§ **TASK INPUT**:
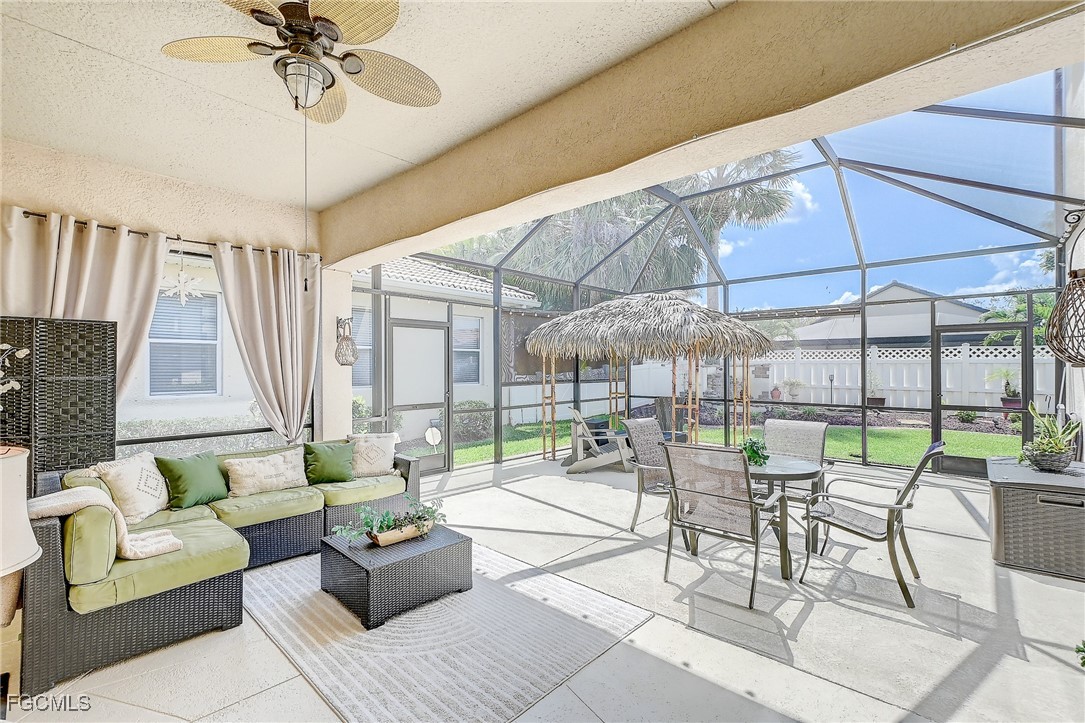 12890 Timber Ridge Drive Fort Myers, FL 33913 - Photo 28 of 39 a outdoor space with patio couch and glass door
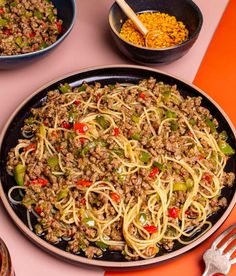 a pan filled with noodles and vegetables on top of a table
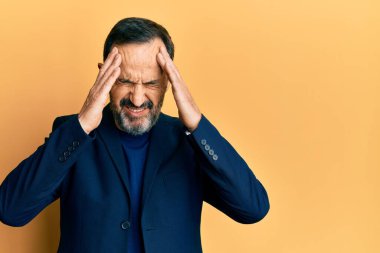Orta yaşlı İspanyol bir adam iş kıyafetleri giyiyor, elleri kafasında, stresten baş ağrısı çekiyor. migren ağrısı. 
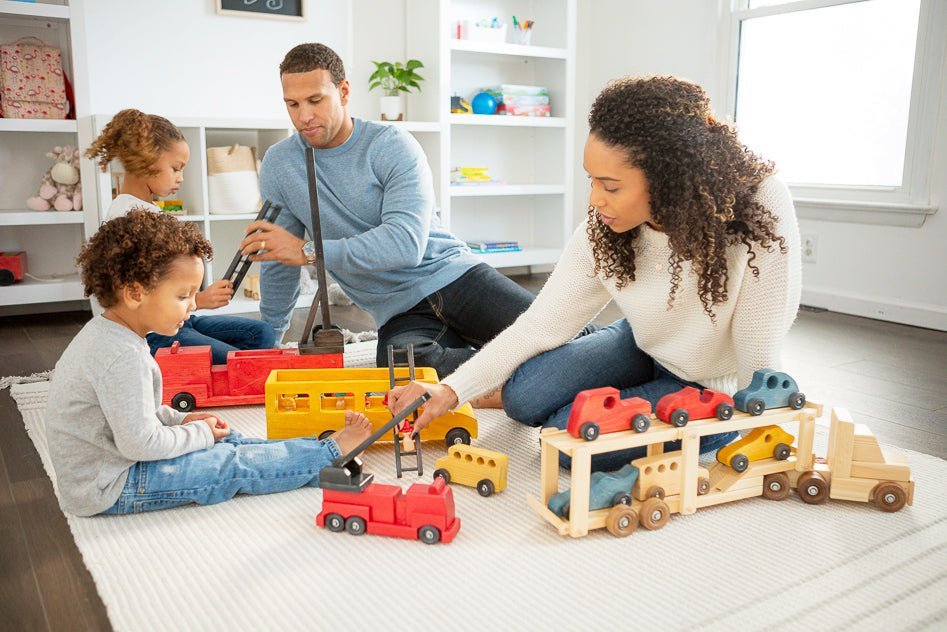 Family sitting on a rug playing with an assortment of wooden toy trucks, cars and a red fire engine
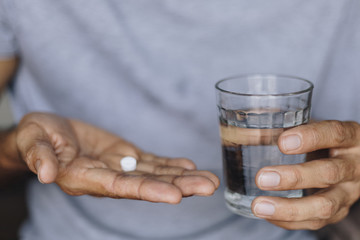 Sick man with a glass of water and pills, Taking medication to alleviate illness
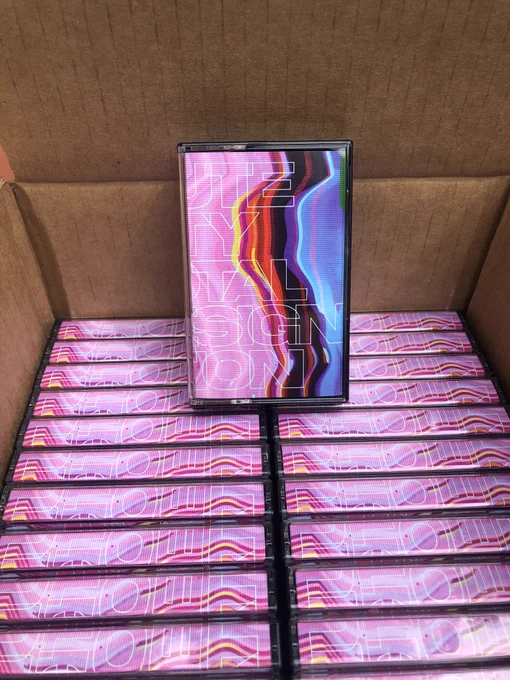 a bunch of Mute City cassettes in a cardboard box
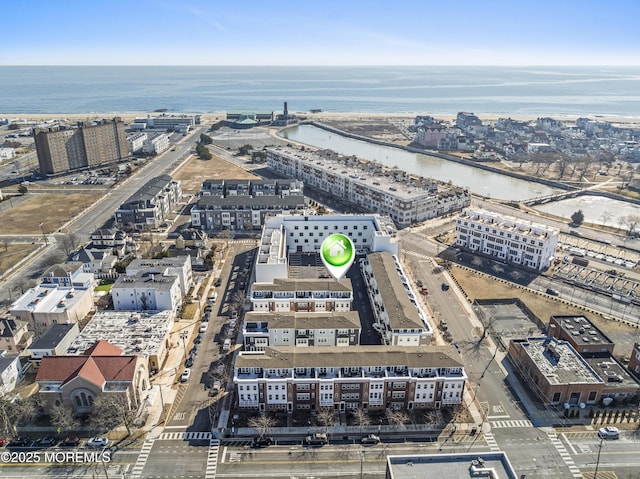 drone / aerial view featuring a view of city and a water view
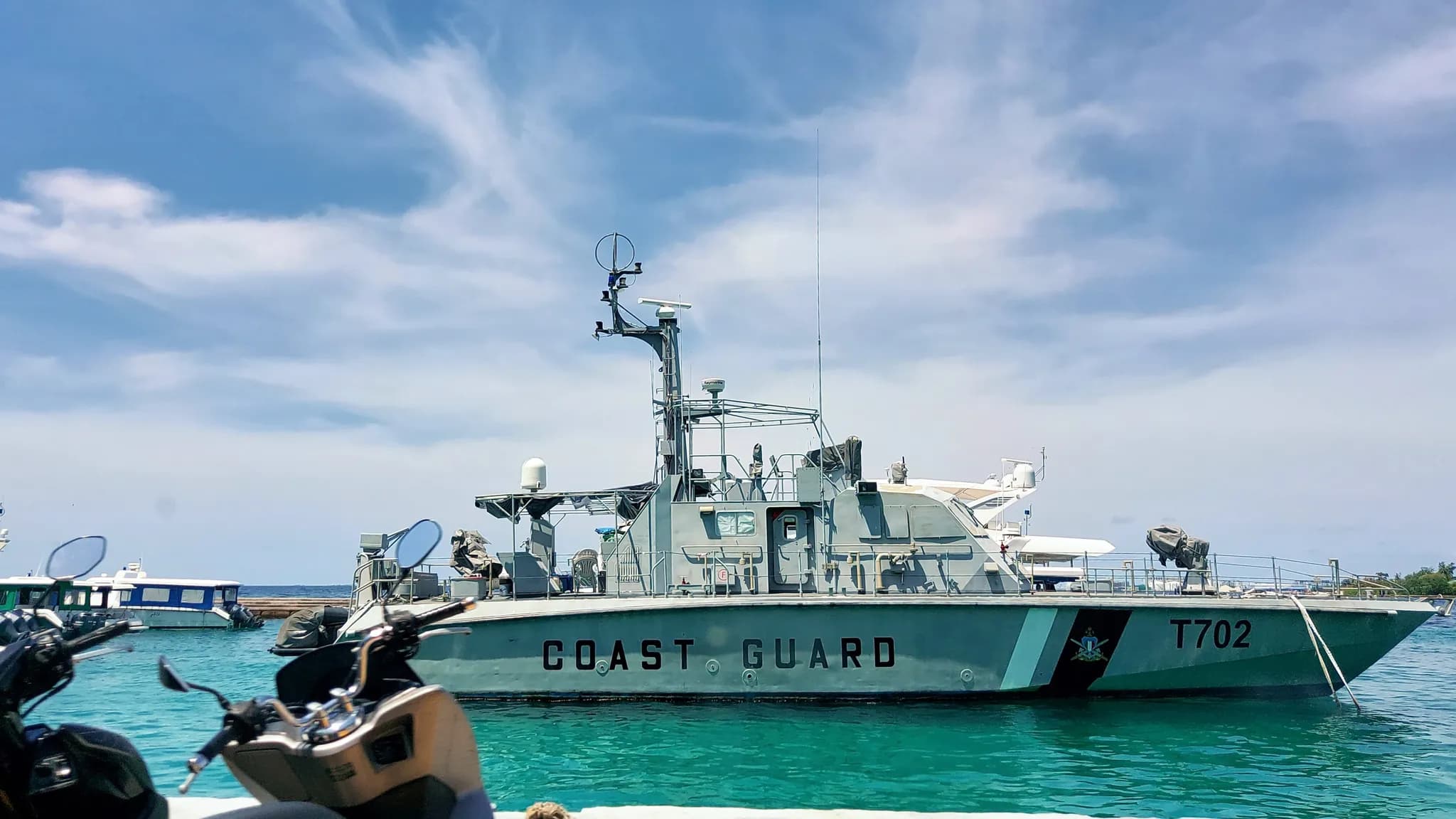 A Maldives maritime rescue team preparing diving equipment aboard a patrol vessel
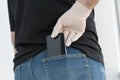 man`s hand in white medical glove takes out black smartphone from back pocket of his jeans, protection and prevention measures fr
--
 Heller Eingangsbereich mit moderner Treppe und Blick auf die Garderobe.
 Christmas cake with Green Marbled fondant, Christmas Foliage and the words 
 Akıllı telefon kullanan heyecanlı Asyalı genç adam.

§ **WORK TO BE COMPLETED**:
Reproduce exactly, with no pictures, the lines above from the one holding "A Maldives maritime" to the one holding "prevention measures fr", inclusive.

§ **WRITTEN ANSWER**:
 A Maldives maritime rescue team preparing diving equipment aboard a patrol vessel
 man`s hand in white medical glove takes out black smartphone from back pocket of his jeans, protection and prevention measures fr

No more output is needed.